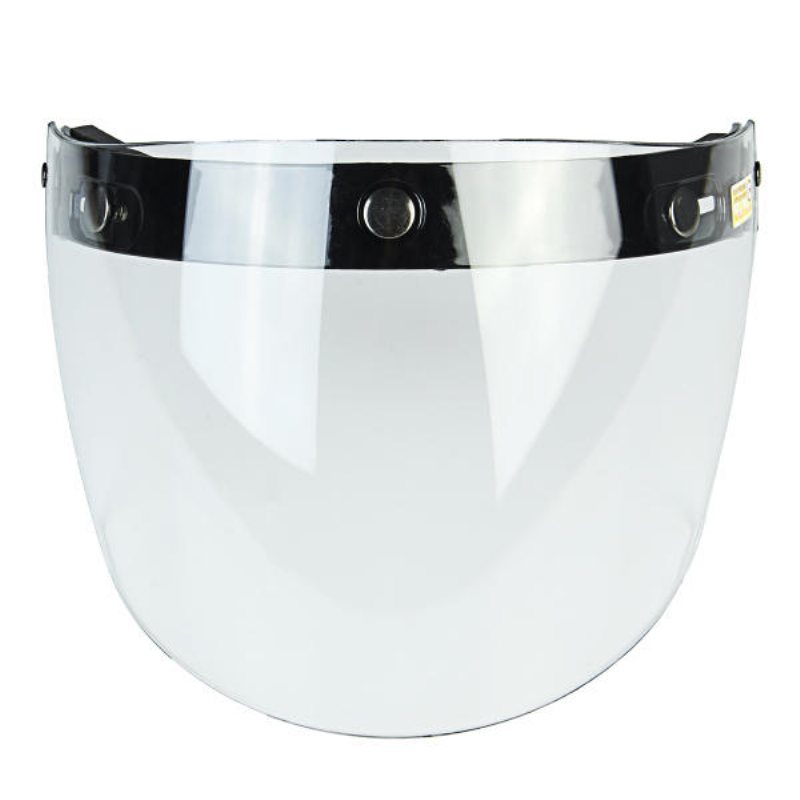 Flip Up Hjälm Shield Lens Visir 3 Snap För Motorcykel Halvhjälm Klar Silver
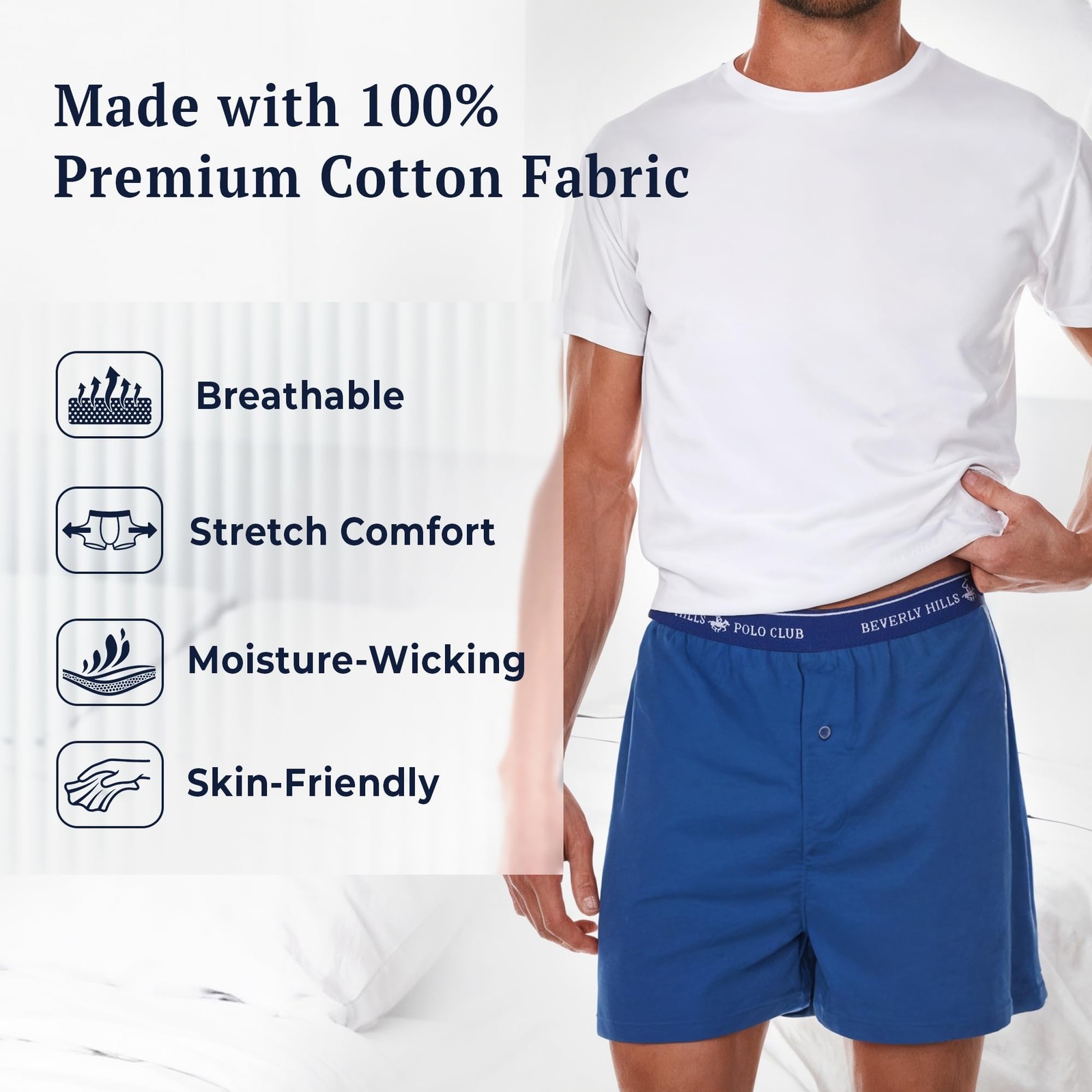 Beverly Hills Polo Club Men’s 4 Pack Knit Boxer Shorts
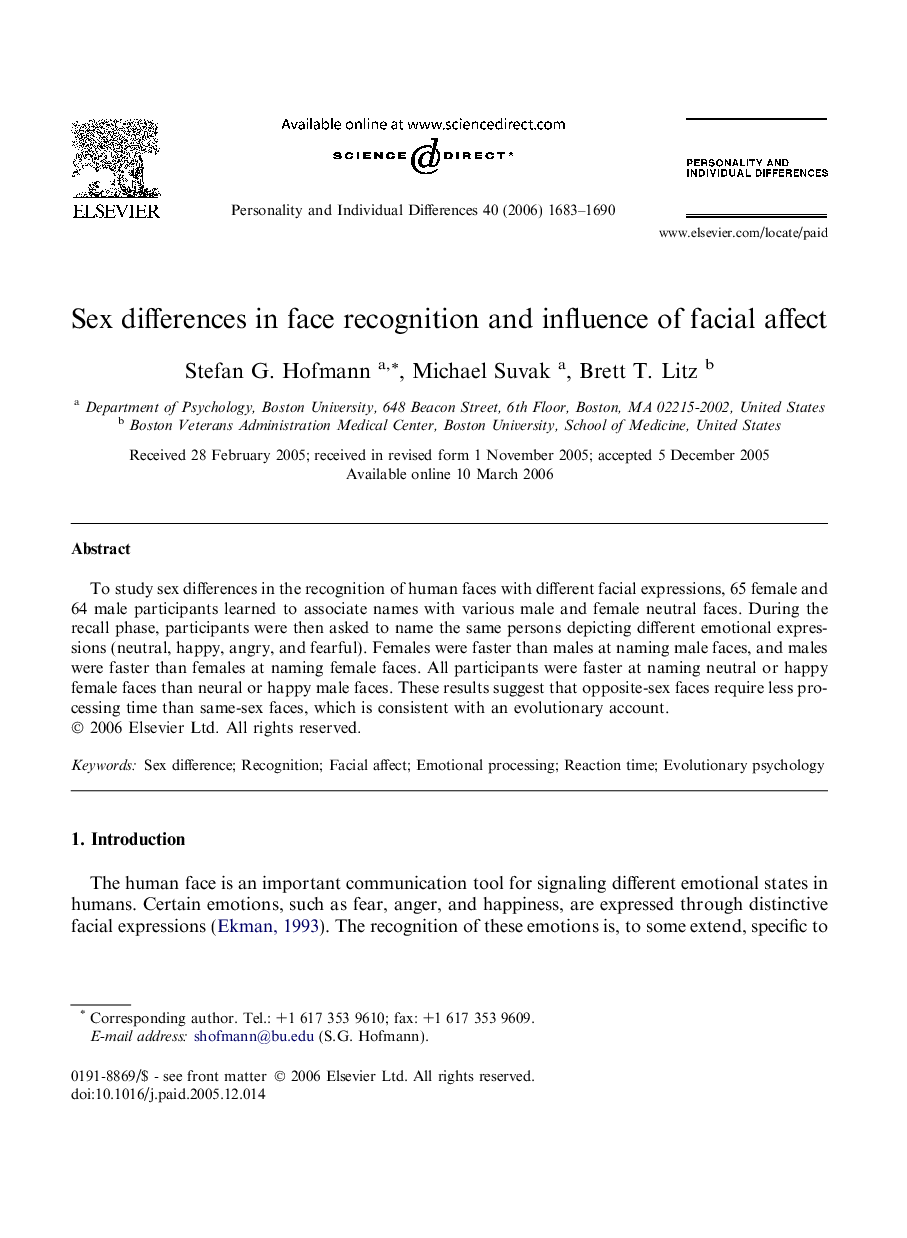 Sex differences in face recognition and influence of facial affect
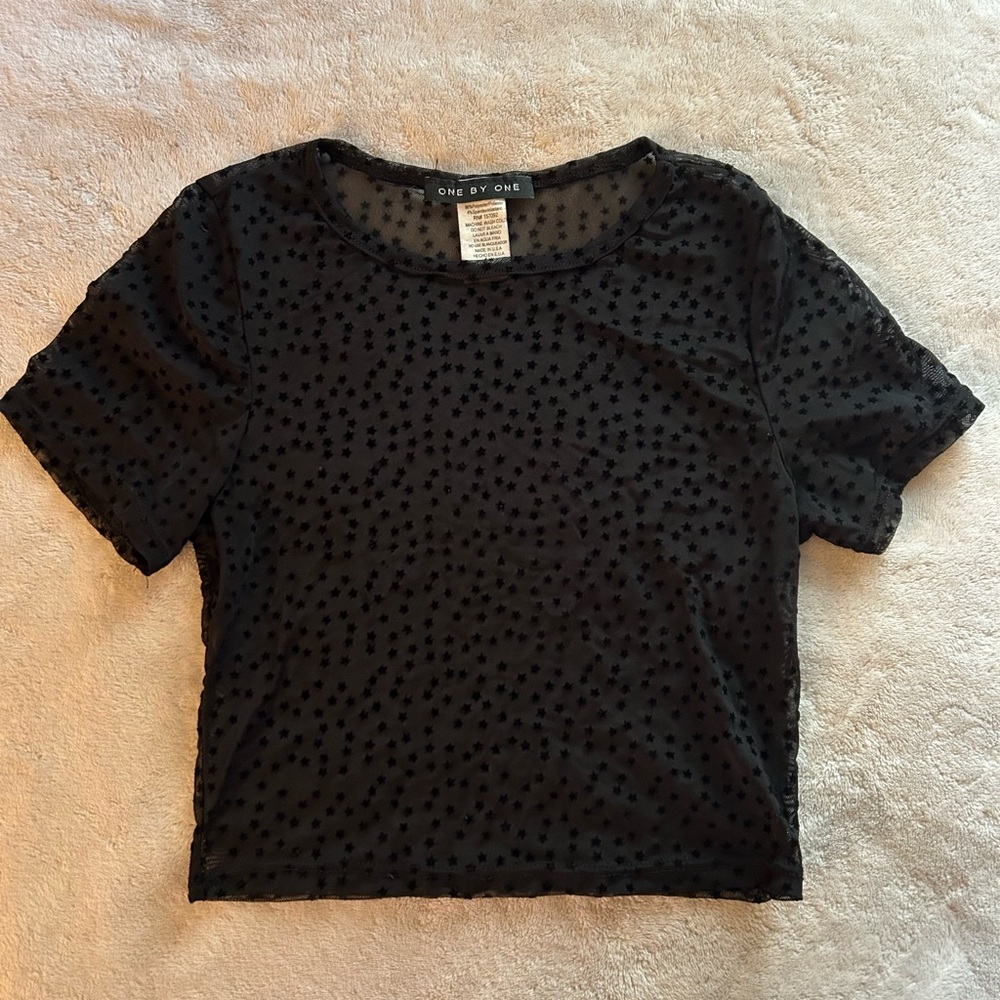Black Mezh Star Crop Top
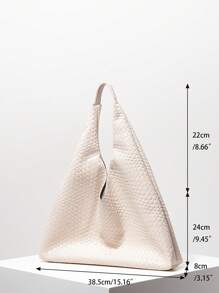 Vintage PU Woven Pattern Shoulder Bag, Large Capacity Tote Bag, Minimalist Underarm Bag, Big Handbag, Commuter Bag And Shopping Bag (Pattern Random)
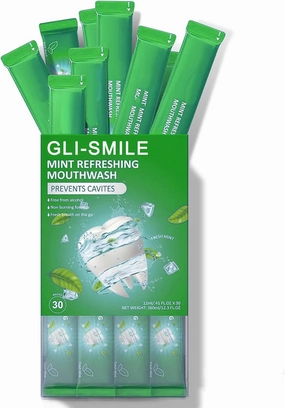 Mint Refreshing Mouthwash, Alcohol-Free, 30 Single-Use Packets, Cavity Prevention, Fresh Breath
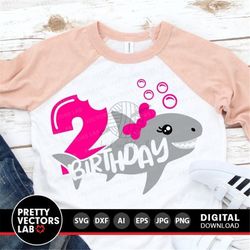 shark 2nd birthday svg, girl birthday svg dxf eps png, second birthday cut files, two years girls svg, shark shirt desig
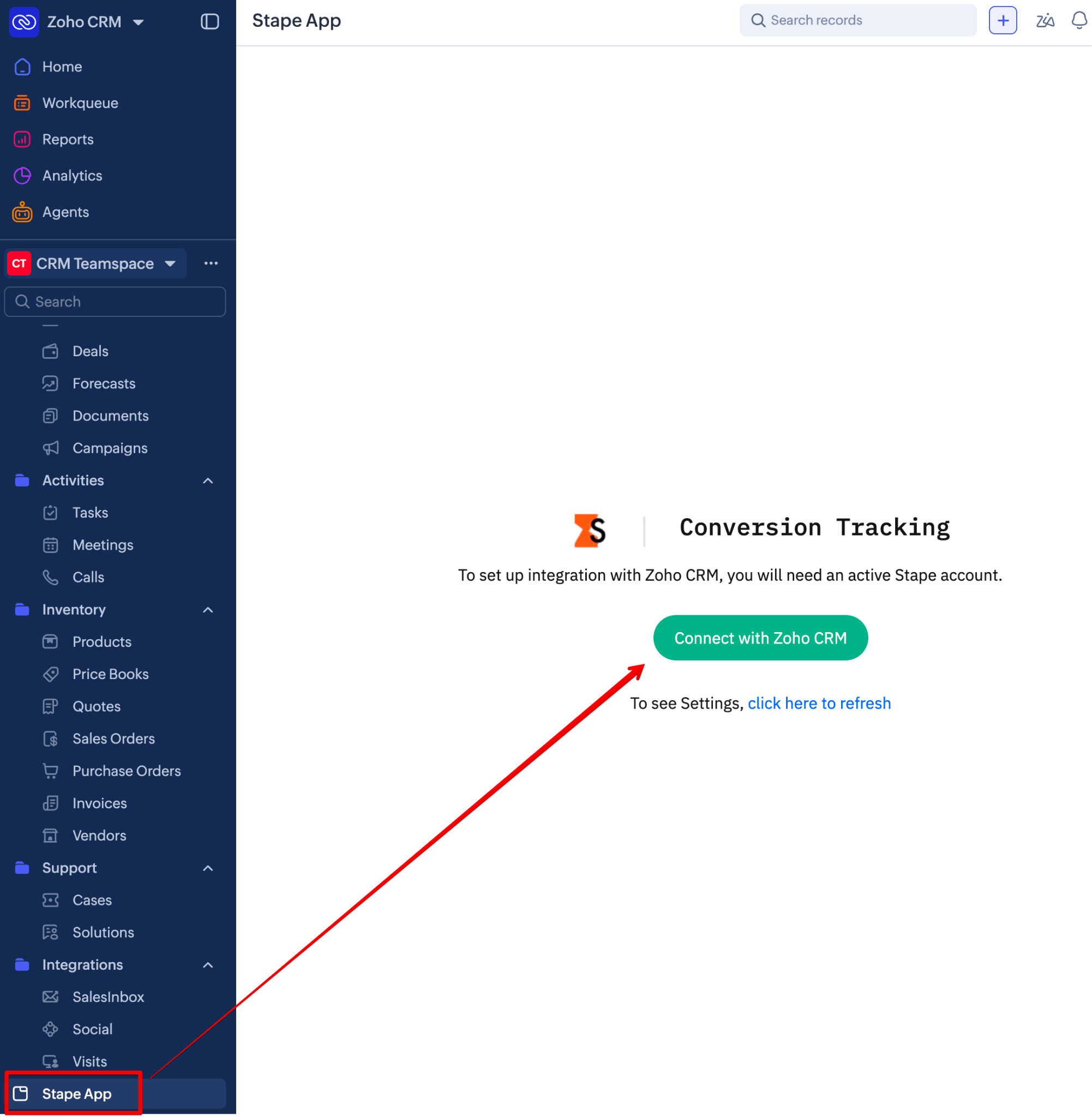 Connect the app to the CRM
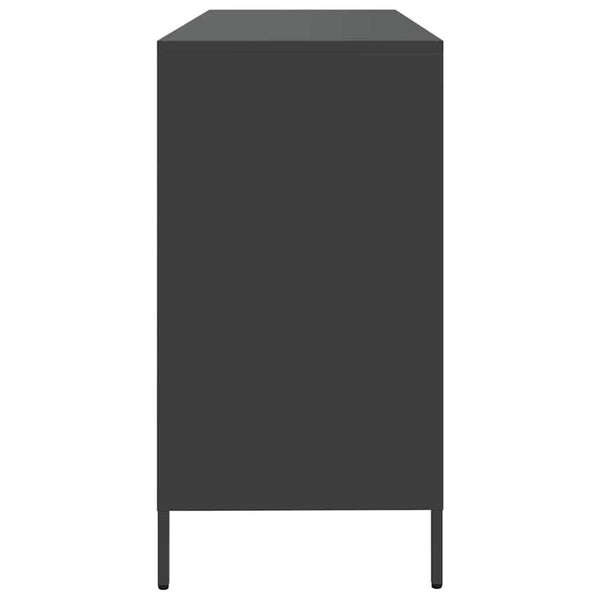 Schwarzes Sideboard, 135 cm, Kaltgewalzter Stahl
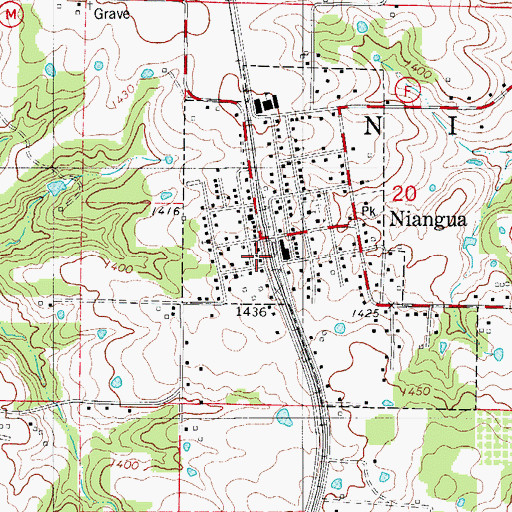 Topographic Map of Niangua, MO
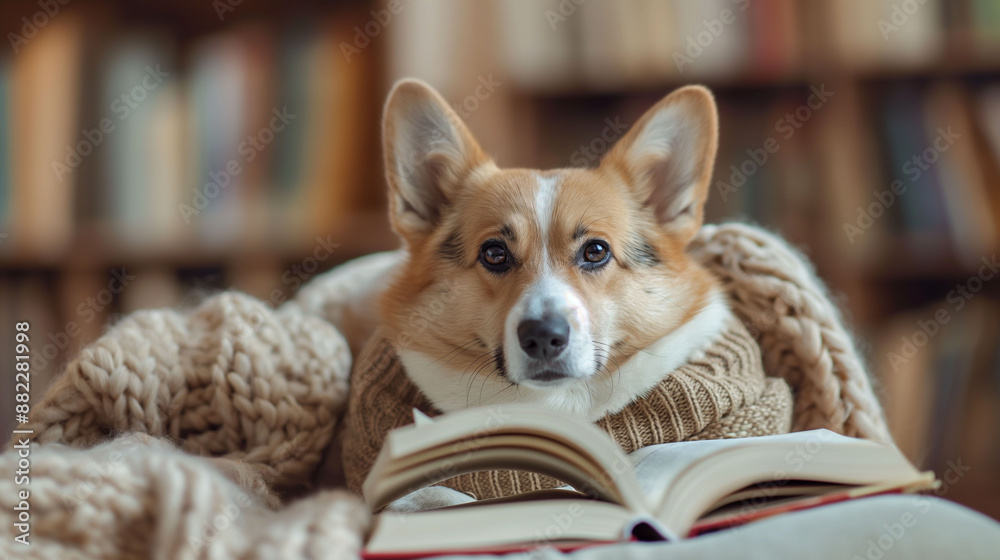 Wall mural Corgi in sweater reads book cozy autumn winter warm concept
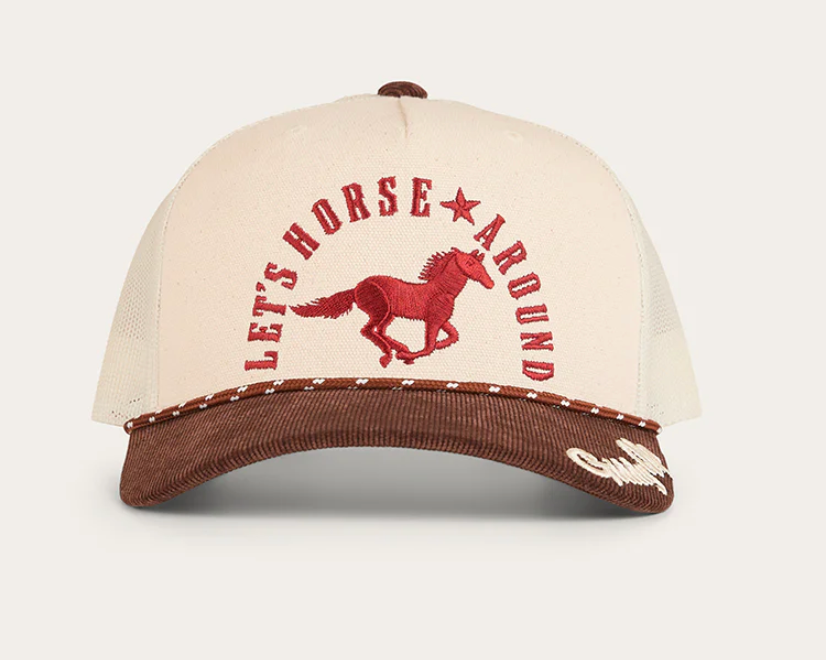 Ringers Western - Lets Horse Around Trucker Cap - Off White / Chocolate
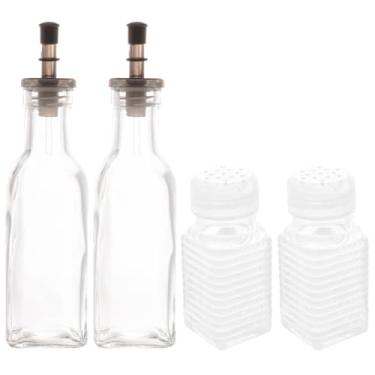 Imagem de Porta Azeite e Vinagre Saleiro Pimenteiro Kit 4 Potes para Temperos Condimentos Vidro Lyor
☆ ☆ ☆ ☆ ☆
> **Problem details**: Reproduce the lines from the line containing "Topographic Map of Niangua, MO" through the end of the records above, exactly and inclusively, omitting pictures.

> **Answer to the problem**:
 Topographic Map of Niangua, MO
 Wall mural Corgi in sweater reads book cozy autumn winter warm concept
 Ringers Western - Lets Horse Around Trucker Cap - Off White / Chocolate
 Imagem de Porta Azeite e Vinagre Saleiro Pimenteiro Kit 4 Potes para Temperos Condimentos Vidro Lyor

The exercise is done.